Une équipe de joueurs doit subir des épreuves dans un fort au large de La Rochelle. Pour chacune d’entre elles il choisit son meilleur champion, l’encourage et l’aide. Le score final dépend du succès et de la stratégie du groupe. On gagne ensemble. Plus  ou moins. Il n’y a pas de perdant. C’est un jeu à somme positive. 

 

Jeu de compétition-coopération : le jeu de billes. 

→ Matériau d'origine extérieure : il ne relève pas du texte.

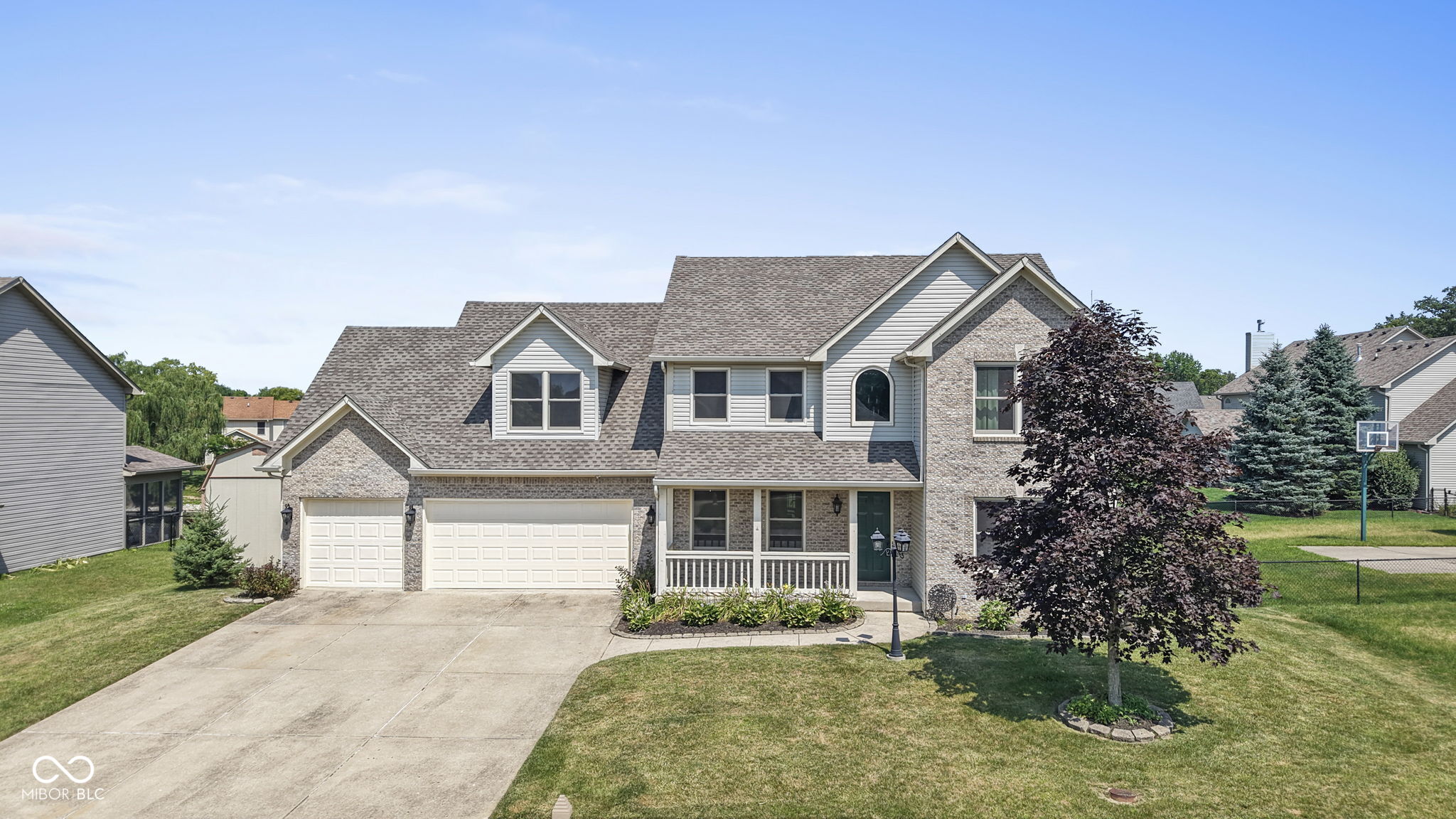 7975 Meadow Bend Circle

A l'échelle des deux joueurs il y a un gagnant et un perdant mais pas à l’échelle de la cour de récréation. Les joueurs se choisissent, il faut donc qu’ils soient acceptés. Un joueur qui gagne à tous  les coups sera refusé par tous les autres et se retrouvera tout seul. Pour continuer de jouer il faut raisonnablement gagner et perdre. Il y a donc une régulation de l’ensemble une écologie de la cour de récréation qui gère les ressources de manière acceptable pour tous. C’est une jeu dont la somme ne peut pas être négative (quelques billes se perdent bien dans la caniveau mais pas plus).  Elle est nulle, à ressources constantes. Ou positive, si on rajoute de temps en temps des billes dans le système. 

 

 

Les jeux de compétition -coopération en communication. Deux exemples.

 

ONLYLYON, la marque de Lyon

Avant 2006 quand la ville cherchait à se vendre à l’international, elle arrivait toutes bannières dehors. Il y en avait une pour la commune, une pour l’agglo, une pour le département, pour la région, pour le commerce, pour l’artisanat, pour l’Université, etc. Et chacun défendait ses propres couleurs. En communication, un tel système ne peut produire qu’une seule chose : du bruit. En acceptané bien plus qu’une marque : une synergie. Tout d’un coup la communication de Lyon devenait visible (audible). Mais surtout, les acteurs étaient  mobilisés dans la même direction et cent fois plus efficaces. Souvent, ils continuent d’être concurrents dans la vie de tous les jours. Mais sous les couleurs d’ONLYLYON ils jouent collectif et cela change tout. La communication fonctionne parce qu’elle est en prise directe avec le réel. Sinon la bannière toute seule ne servirait à rien.

 

JUMP, l’agence métis

Le second exemple est emprunté à Michel Hébert. Au sein de l’agence de communication Jump il a mis en place une organisation qui se revendique “métis”. Les règle sy sont le décloisonnement et la transversalité. Les différents départements : Relations Presse, Publicité, Design, Communication Institutionnelle, etc, ne sont pas en concurrence les uns avec les autres, la gestion est globalisée, aucun n’a un intérêt à prendre le pas sur l’autre. C’est ensemble que les stratégies sont réfléchies dans l’intérêt de “la marque”. Une volonté : croiser les expertises. D’autres entreprises fonctionnent aussi sur des modèles décloisonnants qui mobilise les énergies sur l’activité utile plutôt que sur les enjeux internes:  Bio-Mérieux, les start- up. Une caractéristique  commune : elles sont plus créatives, plus performantes. 

 

 

Les jeux de compétition-coopération permettait de remobiliser les ressources de l’entreprise au service de son projet plutôt qu’à celui de la compétition.  Ils n’empêchent pas la compétition, ils la régulent, dirigent ses forces vers un but.